§ **Work instructions**:
The result should be the full listing copied exactly, with no pictures in it.

+++

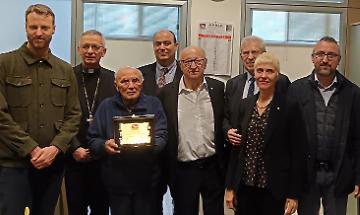 Invalidi civili, benedizione e applausi per la nuova sede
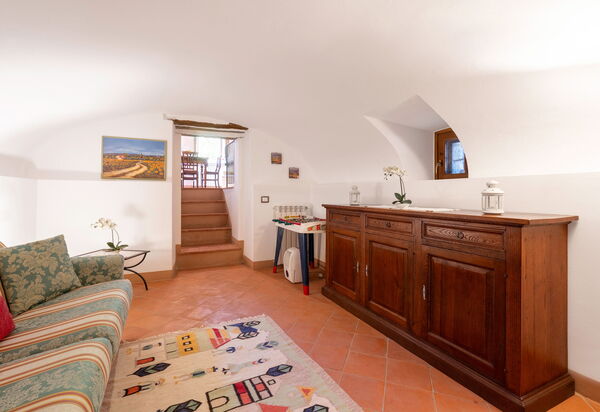 Chiara House In Galenda, Chianti, Pool And Nature: Autumn, Living Room, Spring, Summer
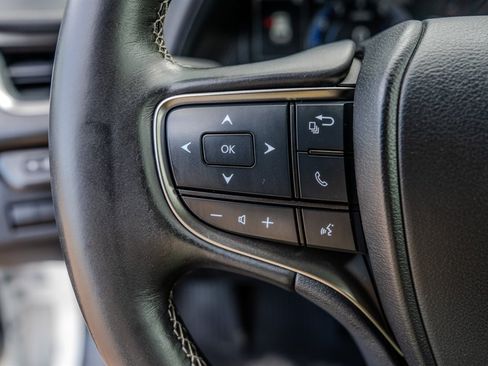 Used 2019 Lexus UX 200 FWD image 16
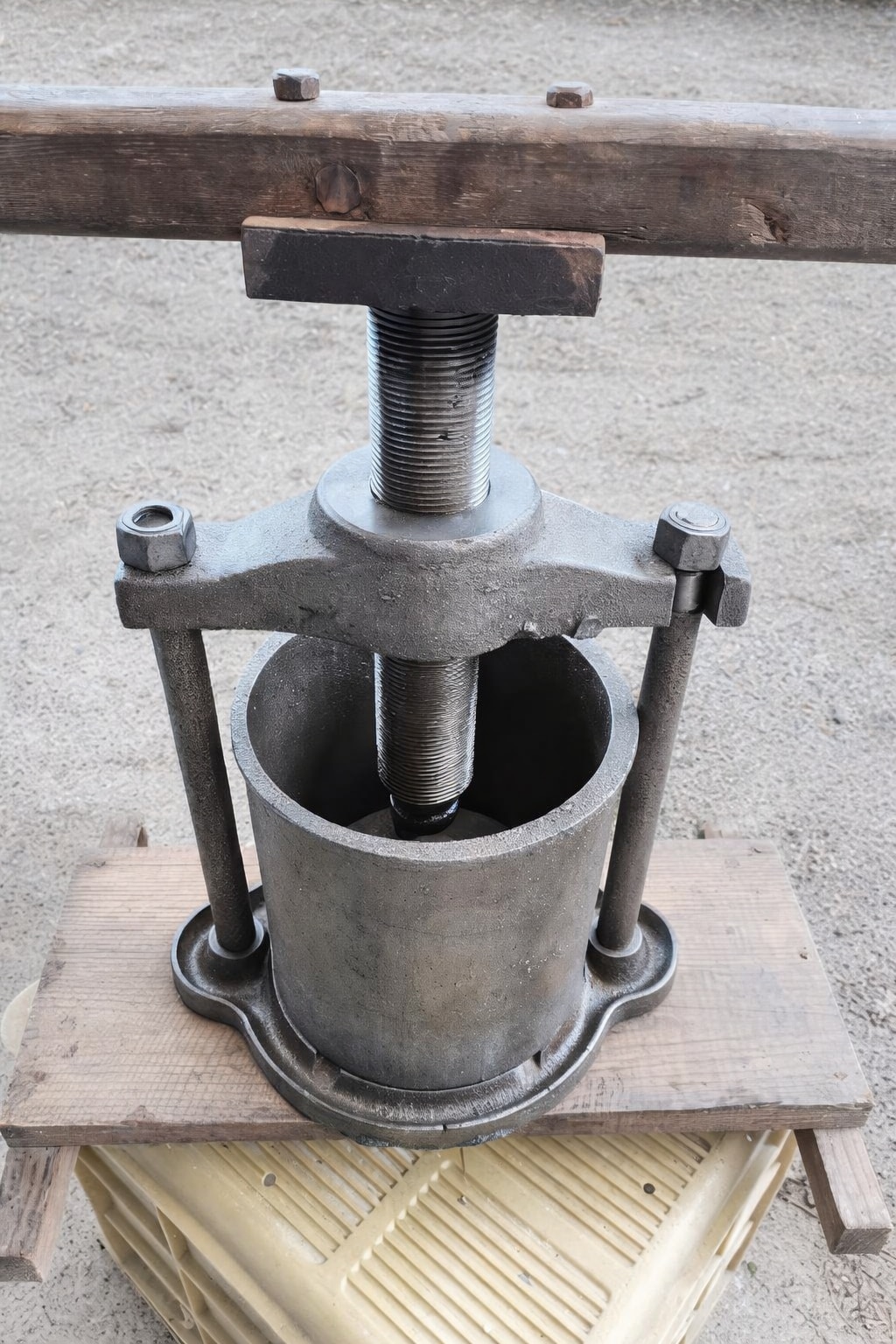 昔ながらの搾油機・油搾り機・圧搾機 貸し出し中。現場持ち込み型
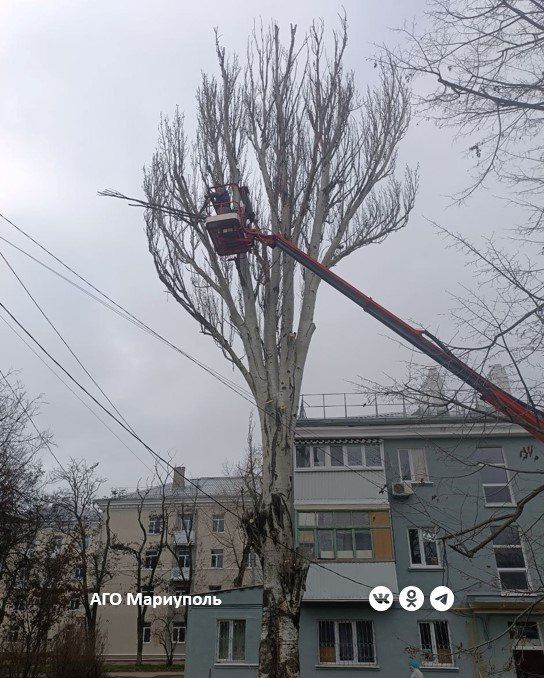 Мариупольские энергетики за неделю смонтировали 400 метров нового провода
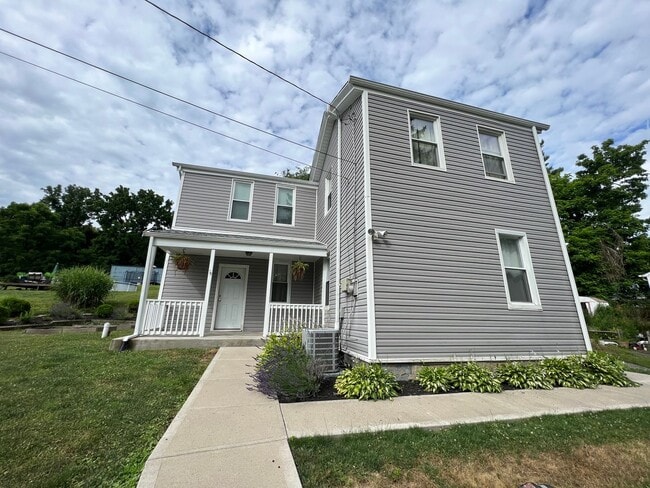 46 Gensler Rd in Pittsburgh, PA - Building Photo - Building Photo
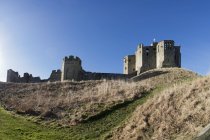 Castelo de Warkworth contra um céu azul — Fotografia de Stock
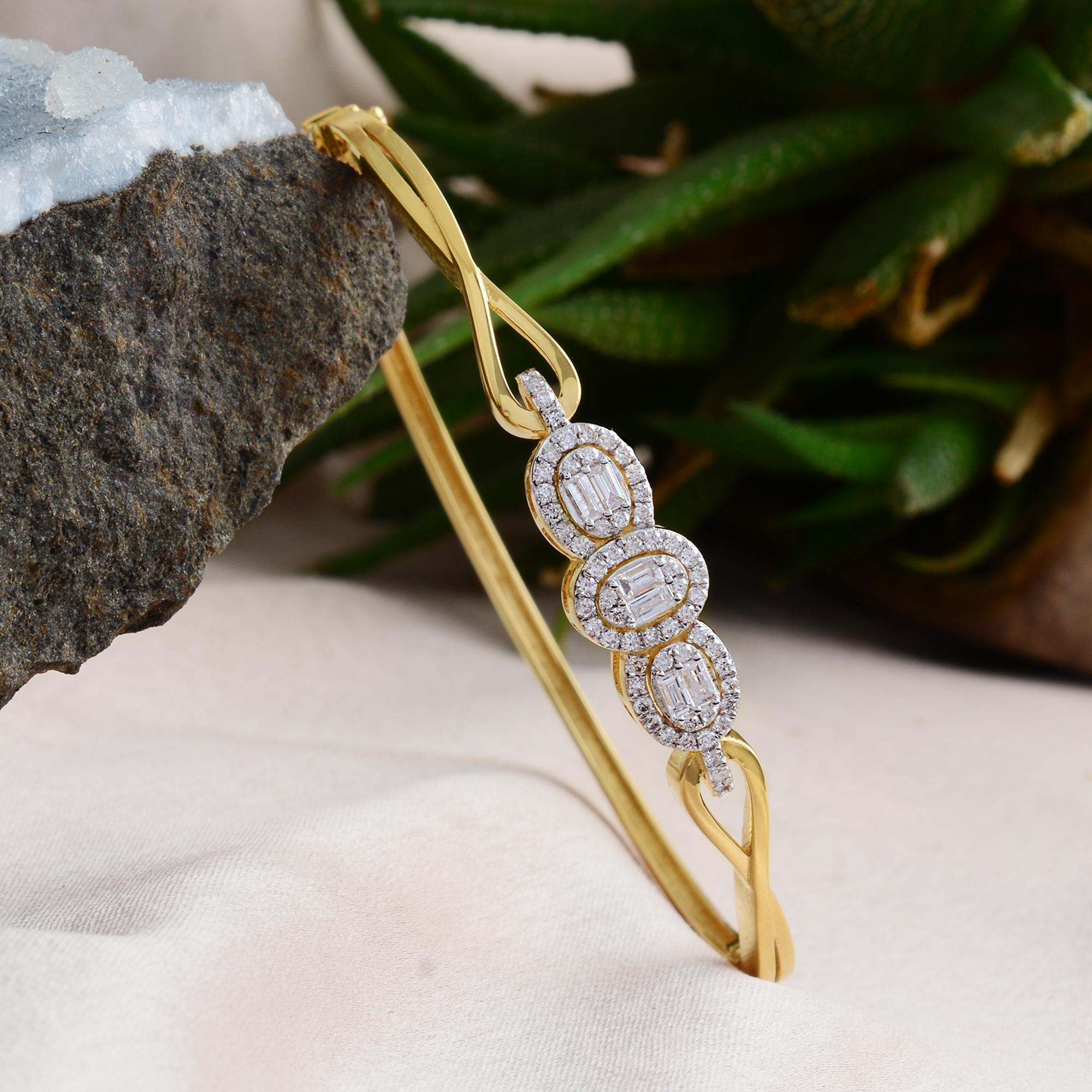 Modern 0.65 Carat SI/HI Baguette Round Diamond Bangle Bracelet 18 Karat Yellow Gold For Sale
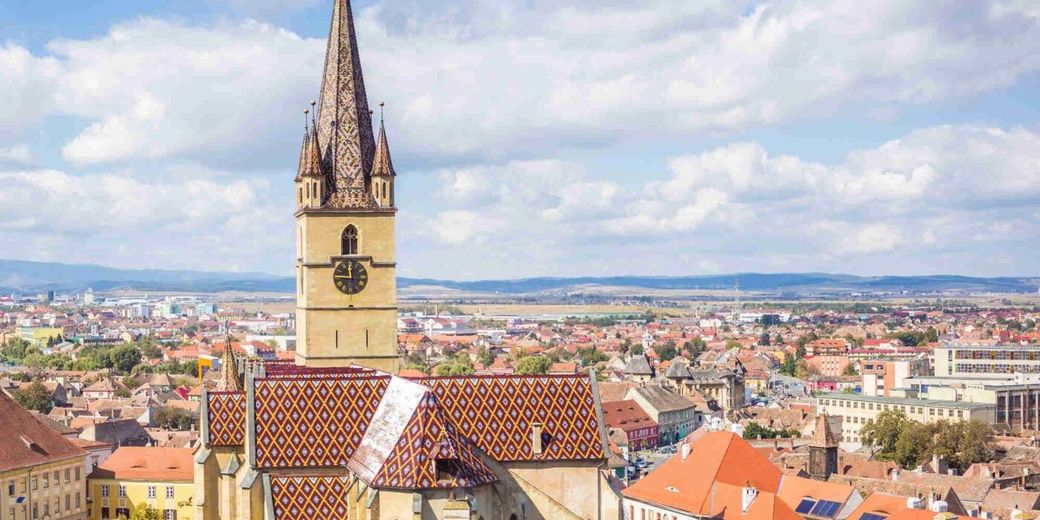 Etwa 250 Teilnehmende versammeln sich vom 27.8. bis 2.9. im rumänischen Hermannstadt/Sibiu zur Vollversammlung der Gemeinschaft Evangelischer Kirchen in Europa. Im Bild die Evangelische Stadtpfarrkirche, eines der ältesten gotischen Gebäude in Siebenbürgen.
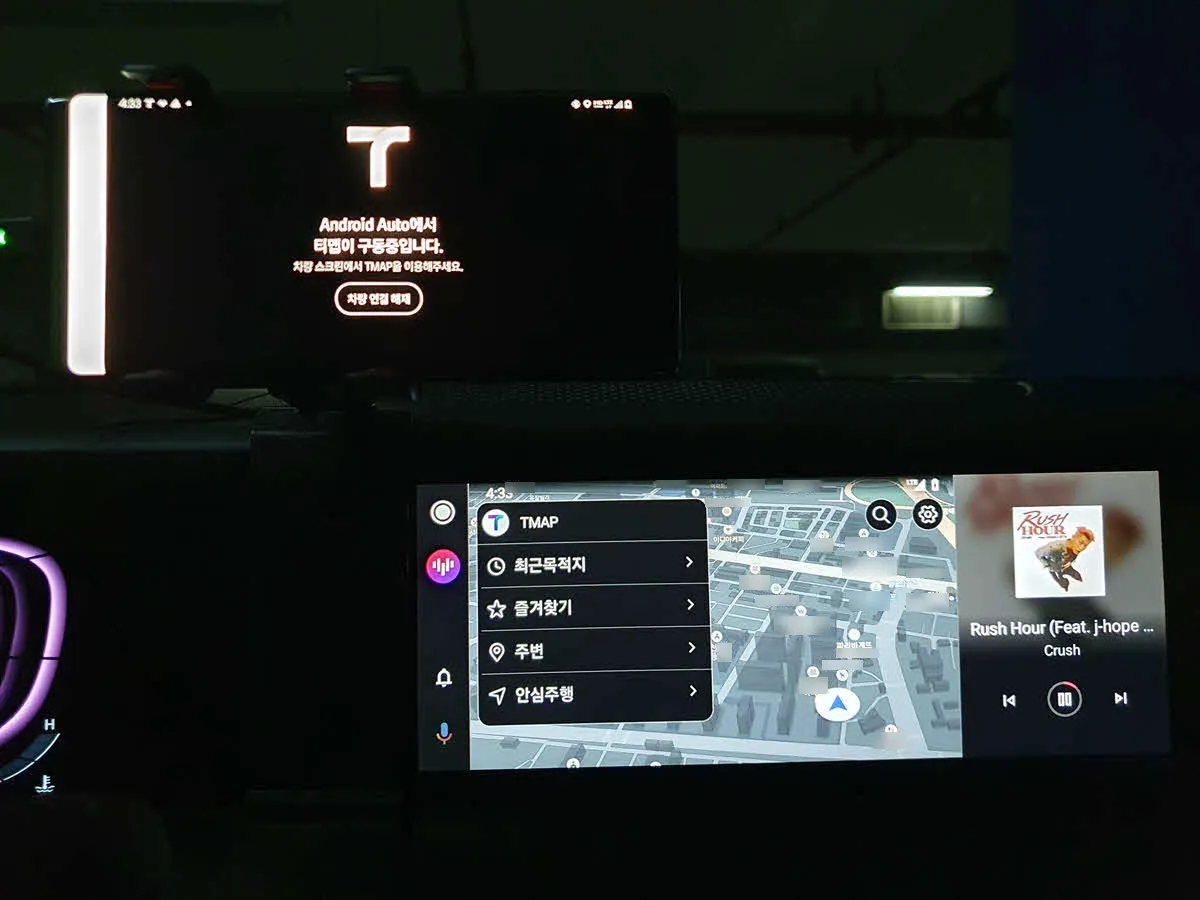안드로이드 오토를 사용해 TMAP을 차량 내비게이션 화면에서 실행시킨 모습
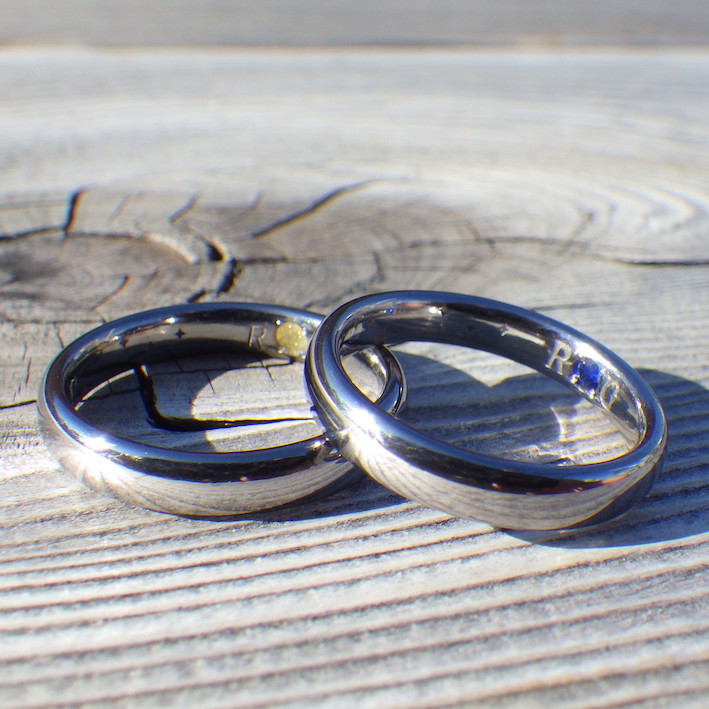 ルチルクォーツとサファイアを石留めしたタンタルの結婚指輪　Tantalum Rings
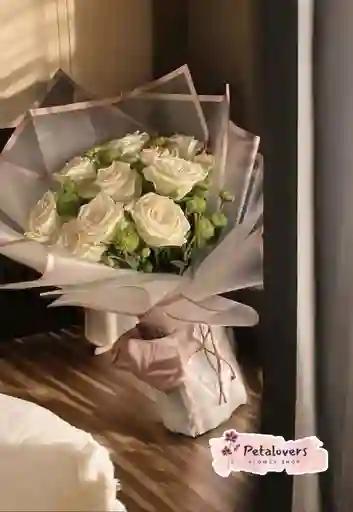 Bouquet Floral De 10 Rosas Blancas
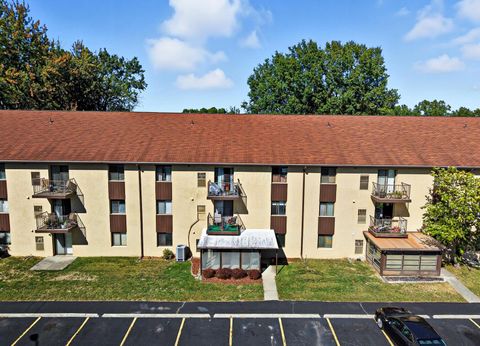 Tiny photo for 3967 Karl Road 125 #125, Columbus, OH 43224 (MLS # 225039574)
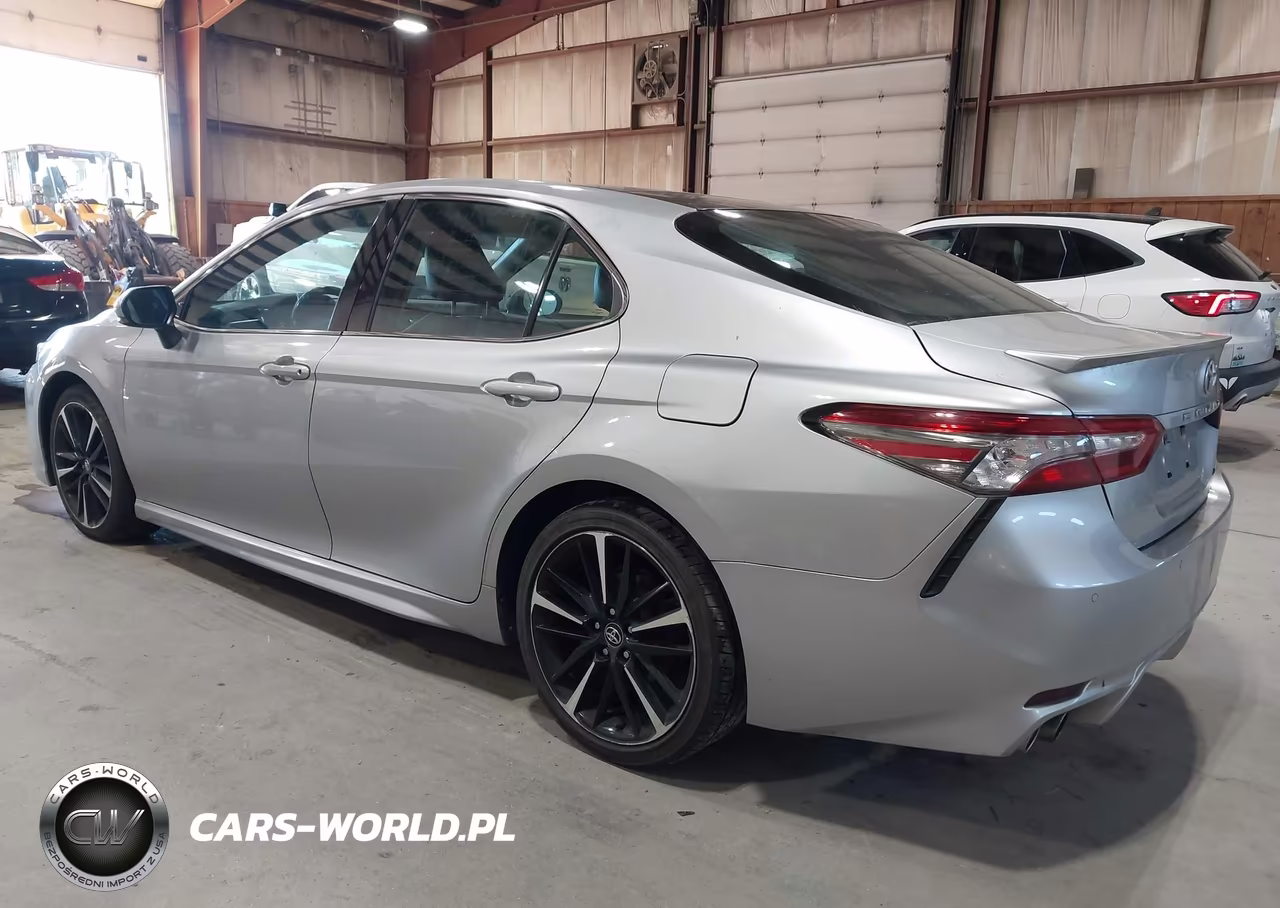 2018 Toyota Camry Xse VIN:4T1B61HK5JU500552 - 3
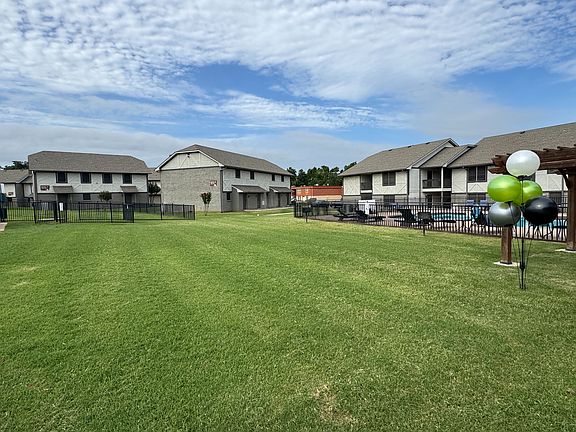 3rd image of 301 Hal Muldrow Dr APT 1102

+++

§ **Task output**:
 Invalidi civili, benedizione e applausi per la nuova sede
 Chiara House In Galenda, Chianti, Pool And Nature: Autumn, Living Room, Spring, Summer
 Used 2019 Lexus UX 200 FWD image 16
 昔ながらの搾油機・油搾り機・圧搾機 貸し出し中。現場持ち込み型
 Мариупольские энергетики за неделю смонтировали 400 метров нового провода
 46 Gensler Rd in Pittsburgh, PA - Building Photo - Building Photo
 Castelo de Warkworth contra um céu azul — Fotografia de Stock
 Modern 0.65 Carat SI/HI Baguette Round Diamond Bangle Bracelet 18 Karat Yellow Gold For Sale
 Etwa 250 Teilnehmende versammeln sich vom 27.8. bis 2.9. im rumänischen Hermannstadt/Sibiu zur Vollversammlung der Gemeinschaft Evangelischer Kirchen in Europa. Im Bild die Evangelische Stadtpfarrkirche, eines der ältesten gotischen Gebäude in Siebenbürgen.
안드로이드 오토를 사용해 TMAP을 차량 내비게이션 화면에서 실행시킨 모습
 ルチルクォーツとサファイアを石留めしたタンタルの結婚指輪　Tantalum Rings
 Bouquet Floral De 10 Rosas Blancas
 Tiny photo for 3967 Karl Road 125 #125, Columbus, OH 43224 (MLS # 225039574)
 2018 Toyota Camry Xse VIN:4T1B61HK5JU500552 - 3
 3rd image of 301 Hal Muldrow Dr APT 1102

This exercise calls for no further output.